Oh dear, the health and safety Gestapo have been at work again. This time they have stomped with their size ten jackboots on plans for a wet T-shirt nights at Yesteryear Pub Company's Maloney cocktail bars.
Seemingly Nanny is worried that people may catch colds from the wetness of the T shirts!
The Managing Director, Tony Callaghan, is quoted:
"There'll be no titillation in Bolton,
Oldham, St Helens or Wigan.
It seems that legislation and the threat
of legal action is proving to be a massive
killjoy in this day and age.
We have been advised that people getting wet
may have grounds to sue if they catch pneumonia,
wet floors may cause staff or customers to slip
and sustain injury, and some of the better endowed
participants may cause blokes to drop their drinks.
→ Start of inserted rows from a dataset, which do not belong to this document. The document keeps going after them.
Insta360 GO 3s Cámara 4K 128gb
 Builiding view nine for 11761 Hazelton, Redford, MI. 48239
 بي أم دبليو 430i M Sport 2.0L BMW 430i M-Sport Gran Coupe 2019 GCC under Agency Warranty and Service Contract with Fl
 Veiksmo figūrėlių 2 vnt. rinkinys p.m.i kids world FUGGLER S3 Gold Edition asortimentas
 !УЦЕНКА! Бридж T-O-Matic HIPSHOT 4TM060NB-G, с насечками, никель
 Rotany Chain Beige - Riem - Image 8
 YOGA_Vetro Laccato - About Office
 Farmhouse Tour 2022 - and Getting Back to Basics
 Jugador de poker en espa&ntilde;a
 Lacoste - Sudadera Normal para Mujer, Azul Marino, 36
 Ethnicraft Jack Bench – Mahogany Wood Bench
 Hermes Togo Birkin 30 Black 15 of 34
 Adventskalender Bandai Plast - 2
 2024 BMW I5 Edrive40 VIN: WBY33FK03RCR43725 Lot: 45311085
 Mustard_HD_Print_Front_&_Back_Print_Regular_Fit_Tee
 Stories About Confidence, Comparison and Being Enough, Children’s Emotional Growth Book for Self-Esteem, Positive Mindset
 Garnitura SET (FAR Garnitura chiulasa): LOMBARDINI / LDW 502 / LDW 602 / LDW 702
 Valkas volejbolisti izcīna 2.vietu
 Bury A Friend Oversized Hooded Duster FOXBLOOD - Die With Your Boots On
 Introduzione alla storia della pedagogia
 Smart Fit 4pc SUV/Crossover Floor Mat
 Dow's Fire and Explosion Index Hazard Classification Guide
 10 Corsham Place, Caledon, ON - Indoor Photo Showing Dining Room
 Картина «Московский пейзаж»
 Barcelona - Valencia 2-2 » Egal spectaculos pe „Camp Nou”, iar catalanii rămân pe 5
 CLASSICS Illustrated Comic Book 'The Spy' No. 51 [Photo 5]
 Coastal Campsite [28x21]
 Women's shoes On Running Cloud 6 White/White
There are also electrical issues, privacy issues
relating to the publication of unauthorised
photography and even the possibility
of being cited in divorce actions."
The company's health and safety manager, Sue McCabe, has told management that the nights could only take place under strict conditions and only if every customer signed a disclaimer.
It seems that one key condition of staging a wet T-shirt contest is that people don't get wet. Which is kind of farking stupid, as that's the whole point of a wet T shirt contest.
Are we all going to sit around like sheep (do sheep sit around?), and allow Nanny to stop us doing every little thing that we once took for granted?